Every entry, from the first to the last, should be written out exactly.

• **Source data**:
=====

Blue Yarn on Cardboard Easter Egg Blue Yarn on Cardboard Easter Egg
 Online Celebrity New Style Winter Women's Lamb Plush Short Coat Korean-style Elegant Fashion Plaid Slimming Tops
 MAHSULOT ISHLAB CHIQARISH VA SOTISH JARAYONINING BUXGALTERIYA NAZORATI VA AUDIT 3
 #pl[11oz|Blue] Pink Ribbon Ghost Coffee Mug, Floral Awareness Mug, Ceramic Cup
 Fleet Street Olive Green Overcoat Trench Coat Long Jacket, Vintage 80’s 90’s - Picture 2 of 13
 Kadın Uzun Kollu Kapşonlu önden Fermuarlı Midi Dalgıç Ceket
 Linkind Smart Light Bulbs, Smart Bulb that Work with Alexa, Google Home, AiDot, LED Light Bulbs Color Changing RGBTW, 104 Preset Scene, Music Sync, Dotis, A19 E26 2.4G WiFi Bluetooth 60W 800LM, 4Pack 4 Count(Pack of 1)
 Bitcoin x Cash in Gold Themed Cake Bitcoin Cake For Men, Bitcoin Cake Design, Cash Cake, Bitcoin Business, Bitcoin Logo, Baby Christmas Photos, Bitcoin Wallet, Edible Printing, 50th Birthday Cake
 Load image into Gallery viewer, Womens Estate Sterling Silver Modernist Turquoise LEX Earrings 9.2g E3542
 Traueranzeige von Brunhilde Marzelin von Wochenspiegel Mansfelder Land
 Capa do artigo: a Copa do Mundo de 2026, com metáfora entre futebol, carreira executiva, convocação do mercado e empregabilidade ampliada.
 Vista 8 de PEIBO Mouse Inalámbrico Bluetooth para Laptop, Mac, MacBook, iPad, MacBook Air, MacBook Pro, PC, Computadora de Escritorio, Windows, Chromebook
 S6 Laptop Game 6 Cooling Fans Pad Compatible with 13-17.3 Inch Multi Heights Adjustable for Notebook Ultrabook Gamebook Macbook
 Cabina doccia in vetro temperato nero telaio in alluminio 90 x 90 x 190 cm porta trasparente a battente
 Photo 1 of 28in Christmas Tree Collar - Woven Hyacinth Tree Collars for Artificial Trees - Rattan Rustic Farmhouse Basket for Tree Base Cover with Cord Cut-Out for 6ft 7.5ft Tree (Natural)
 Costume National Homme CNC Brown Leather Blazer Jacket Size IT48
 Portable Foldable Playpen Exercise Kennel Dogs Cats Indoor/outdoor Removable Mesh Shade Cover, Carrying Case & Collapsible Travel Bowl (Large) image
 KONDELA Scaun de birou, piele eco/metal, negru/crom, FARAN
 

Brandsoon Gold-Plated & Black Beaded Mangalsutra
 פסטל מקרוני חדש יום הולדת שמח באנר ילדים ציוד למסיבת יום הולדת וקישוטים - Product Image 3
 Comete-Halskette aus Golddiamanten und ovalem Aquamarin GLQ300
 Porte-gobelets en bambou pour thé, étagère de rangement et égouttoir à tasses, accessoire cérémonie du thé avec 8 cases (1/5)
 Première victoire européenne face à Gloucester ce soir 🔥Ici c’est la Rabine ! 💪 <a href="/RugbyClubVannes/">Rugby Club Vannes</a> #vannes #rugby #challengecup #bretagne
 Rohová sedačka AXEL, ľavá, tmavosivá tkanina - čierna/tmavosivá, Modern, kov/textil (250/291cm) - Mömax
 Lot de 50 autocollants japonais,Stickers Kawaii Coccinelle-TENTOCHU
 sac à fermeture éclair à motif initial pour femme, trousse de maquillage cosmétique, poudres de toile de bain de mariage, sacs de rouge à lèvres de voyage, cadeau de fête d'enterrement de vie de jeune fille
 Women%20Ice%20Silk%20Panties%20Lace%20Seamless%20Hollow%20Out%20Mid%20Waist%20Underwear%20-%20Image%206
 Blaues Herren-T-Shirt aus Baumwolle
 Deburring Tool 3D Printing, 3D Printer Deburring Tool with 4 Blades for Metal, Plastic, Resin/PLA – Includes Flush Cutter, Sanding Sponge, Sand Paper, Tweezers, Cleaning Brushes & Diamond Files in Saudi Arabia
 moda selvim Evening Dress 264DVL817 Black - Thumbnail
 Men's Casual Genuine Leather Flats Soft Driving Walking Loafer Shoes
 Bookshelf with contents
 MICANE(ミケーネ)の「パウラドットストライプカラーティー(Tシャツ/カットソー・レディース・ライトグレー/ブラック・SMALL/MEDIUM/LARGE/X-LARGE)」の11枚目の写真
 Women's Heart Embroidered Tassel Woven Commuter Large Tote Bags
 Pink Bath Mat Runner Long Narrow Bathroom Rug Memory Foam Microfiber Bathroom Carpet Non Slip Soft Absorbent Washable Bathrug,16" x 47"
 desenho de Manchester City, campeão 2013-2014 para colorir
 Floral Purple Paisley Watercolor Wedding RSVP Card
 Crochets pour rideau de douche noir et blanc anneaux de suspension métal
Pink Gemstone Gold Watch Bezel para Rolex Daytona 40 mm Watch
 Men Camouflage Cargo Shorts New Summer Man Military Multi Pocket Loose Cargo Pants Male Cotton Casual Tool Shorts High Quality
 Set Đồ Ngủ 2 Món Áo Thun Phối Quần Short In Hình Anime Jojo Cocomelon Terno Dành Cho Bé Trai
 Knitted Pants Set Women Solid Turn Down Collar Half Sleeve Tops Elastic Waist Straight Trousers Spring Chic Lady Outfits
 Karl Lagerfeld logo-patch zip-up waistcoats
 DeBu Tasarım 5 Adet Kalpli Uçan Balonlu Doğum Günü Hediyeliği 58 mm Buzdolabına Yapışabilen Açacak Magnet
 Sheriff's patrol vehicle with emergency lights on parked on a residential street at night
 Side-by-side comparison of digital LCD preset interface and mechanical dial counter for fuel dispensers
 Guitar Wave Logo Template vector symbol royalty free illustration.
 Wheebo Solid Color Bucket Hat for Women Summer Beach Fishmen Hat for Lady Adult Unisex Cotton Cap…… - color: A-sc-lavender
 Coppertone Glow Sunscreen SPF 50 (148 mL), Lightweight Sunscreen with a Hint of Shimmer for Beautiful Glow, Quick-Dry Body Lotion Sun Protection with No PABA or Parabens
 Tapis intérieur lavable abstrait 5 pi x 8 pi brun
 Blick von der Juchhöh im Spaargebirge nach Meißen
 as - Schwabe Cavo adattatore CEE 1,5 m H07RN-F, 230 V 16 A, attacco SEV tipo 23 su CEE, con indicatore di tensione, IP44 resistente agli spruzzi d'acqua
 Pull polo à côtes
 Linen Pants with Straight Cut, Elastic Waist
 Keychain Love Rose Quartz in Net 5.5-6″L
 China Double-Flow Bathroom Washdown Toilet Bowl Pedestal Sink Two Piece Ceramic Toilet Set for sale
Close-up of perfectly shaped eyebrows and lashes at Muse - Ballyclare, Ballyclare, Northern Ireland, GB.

=====

• **Written answer**:
Blue Yarn on Cardboard Easter Egg Blue Yarn on Cardboard Easter Egg
 Online Celebrity New Style Winter Women's Lamb Plush Short Coat Korean-style Elegant Fashion Plaid Slimming Tops
 MAHSULOT ISHLAB CHIQARISH VA SOTISH JARAYONINING BUXGALTERIYA NAZORATI VA AUDIT 3
 #pl[11oz|Blue] Pink Ribbon Ghost Coffee Mug, Floral Awareness Mug, Ceramic Cup
 Fleet Street Olive Green Overcoat Trench Coat Long Jacket, Vintage 80’s 90’s - Picture 2 of 13
 Kadın Uzun Kollu Kapşonlu önden Fermuarlı Midi Dalgıç Ceket
 Linkind Smart Light Bulbs, Smart Bulb that Work with Alexa, Google Home, AiDot, LED Light Bulbs Color Changing RGBTW, 104 Preset Scene, Music Sync, Dotis, A19 E26 2.4G WiFi Bluetooth 60W 800LM, 4Pack 4 Count(Pack of 1)
 Bitcoin x Cash in Gold Themed Cake Bitcoin Cake For Men, Bitcoin Cake Design, Cash Cake, Bitcoin Business, Bitcoin Logo, Baby Christmas Photos, Bitcoin Wallet, Edible Printing, 50th Birthday Cake
 Load image into Gallery viewer, Womens Estate Sterling Silver Modernist Turquoise LEX Earrings 9.2g E3542
 Traueranzeige von Brunhilde Marzelin von Wochenspiegel Mansfelder Land
 Capa do artigo: a Copa do Mundo de 2026, com metáfora entre futebol, carreira executiva, convocação do mercado e empregabilidade ampliada.
 Vista 8 de PEIBO Mouse Inalámbrico Bluetooth para Laptop, Mac, MacBook, iPad, MacBook Air, MacBook Pro, PC, Computadora de Escritorio, Windows, Chromebook
 S6 Laptop Game 6 Cooling Fans Pad Compatible with 13-17.3 Inch Multi Heights Adjustable for Notebook Ultrabook Gamebook Macbook
 Cabina doccia in vetro temperato nero telaio in alluminio 90 x 90 x 190 cm porta trasparente a battente
 Photo 1 of 28in Christmas Tree Collar - Woven Hyacinth Tree Collars for Artificial Trees - Rattan Rustic Farmhouse Basket for Tree Base Cover with Cord Cut-Out for 6ft 7.5ft Tree (Natural)
 Costume National Homme CNC Brown Leather Blazer Jacket Size IT48
 Portable Foldable Playpen Exercise Kennel Dogs Cats Indoor/outdoor Removable Mesh Shade Cover, Carrying Case & Collapsible Travel Bowl (Large) image
 KONDELA Scaun de birou, piele eco/metal, negru/crom, FARAN
 

Brandsoon Gold-Plated & Black Beaded Mangalsutra
 פסטל מקרוני חדש יום הולדת שמח באנר ילדים ציוד למסיבת יום הולדת וקישוטים - Product Image 3
 Comete-Halskette aus Golddiamanten und ovalem Aquamarin GLQ300
 Porte-gobelets en bambou pour thé, étagère de rangement et égouttoir à tasses, accessoire cérémonie du thé avec 8 cases (1/5)
 Première victoire européenne face à Gloucester ce soir 🔥Ici c’est la Rabine ! 💪 <a href="/RugbyClubVannes/">Rugby Club Vannes</a> #vannes #rugby #challengecup #bretagne
 Rohová sedačka AXEL, ľavá, tmavosivá tkanina - čierna/tmavosivá, Modern, kov/textil (250/291cm) - Mömax
 Lot de 50 autocollants japonais,Stickers Kawaii Coccinelle-TENTOCHU
 sac à fermeture éclair à motif initial pour femme, trousse de maquillage cosmétique, poudres de toile de bain de mariage, sacs de rouge à lèvres de voyage, cadeau de fête d'enterrement de vie de jeune fille
 Women%20Ice%20Silk%20Panties%20Lace%20Seamless%20Hollow%20Out%20Mid%20Waist%20Underwear%20-%20Image%206
 Blaues Herren-T-Shirt aus Baumwolle
 Deburring Tool 3D Printing, 3D Printer Deburring Tool with 4 Blades for Metal, Plastic, Resin/PLA – Includes Flush Cutter, Sanding Sponge, Sand Paper, Tweezers, Cleaning Brushes & Diamond Files in Saudi Arabia
 moda selvim Evening Dress 264DVL817 Black - Thumbnail
 Men's Casual Genuine Leather Flats Soft Driving Walking Loafer Shoes
 Bookshelf with contents
 MICANE(ミケーネ)の「パウラドットストライプカラーティー(Tシャツ/カットソー・レディース・ライトグレー/ブラック・SMALL/MEDIUM/LARGE/X-LARGE)」の11枚目の写真
 Women's Heart Embroidered Tassel Woven Commuter Large Tote Bags
 Pink Bath Mat Runner Long Narrow Bathroom Rug Memory Foam Microfiber Bathroom Carpet Non Slip Soft Absorbent Washable Bathrug,16" x 47"
 desenho de Manchester City, campeão 2013-2014 para colorir
 Floral Purple Paisley Watercolor Wedding RSVP Card
 Crochets pour rideau de douche noir et blanc anneaux de suspension métal
Pink Gemstone Gold Watch Bezel para Rolex Daytona 40 mm Watch
 Men Camouflage Cargo Shorts New Summer Man Military Multi Pocket Loose Cargo Pants Male Cotton Casual Tool Shorts High Quality
 Set Đồ Ngủ 2 Món Áo Thun Phối Quần Short In Hình Anime Jojo Cocomelon Terno Dành Cho Bé Trai
 Knitted Pants Set Women Solid Turn Down Collar Half Sleeve Tops Elastic Waist Straight Trousers Spring Chic Lady Outfits
 Karl Lagerfeld logo-patch zip-up waistcoats
 DeBu Tasarım 5 Adet Kalpli Uçan Balonlu Doğum Günü Hediyeliği 58 mm Buzdolabına Yapışabilen Açacak Magnet
 Sheriff's patrol vehicle with emergency lights on parked on a residential street at night
 Side-by-side comparison of digital LCD preset interface and mechanical dial counter for fuel dispensers
 Guitar Wave Logo Template vector symbol royalty free illustration.
 Wheebo Solid Color Bucket Hat for Women Summer Beach Fishmen Hat for Lady Adult Unisex Cotton Cap…… - color: A-sc-lavender
 Coppertone Glow Sunscreen SPF 50 (148 mL), Lightweight Sunscreen with a Hint of Shimmer for Beautiful Glow, Quick-Dry Body Lotion Sun Protection with No PABA or Parabens
 Tapis intérieur lavable abstrait 5 pi x 8 pi brun
 Blick von der Juchhöh im Spaargebirge nach Meißen
 as - Schwabe Cavo adattatore CEE 1,5 m H07RN-F, 230 V 16 A, attacco SEV tipo 23 su CEE, con indicatore di tensione, IP44 resistente agli spruzzi d'acqua
 Pull polo à côtes
 Linen Pants with Straight Cut, Elastic Waist
 Keychain Love Rose Quartz in Net 5.5-6″L
 China Double-Flow Bathroom Washdown Toilet Bowl Pedestal Sink Two Piece Ceramic Toilet Set for sale
Close-up of perfectly shaped eyebrows and lashes at Muse - Ballyclare, Ballyclare, Northern Ireland, GB.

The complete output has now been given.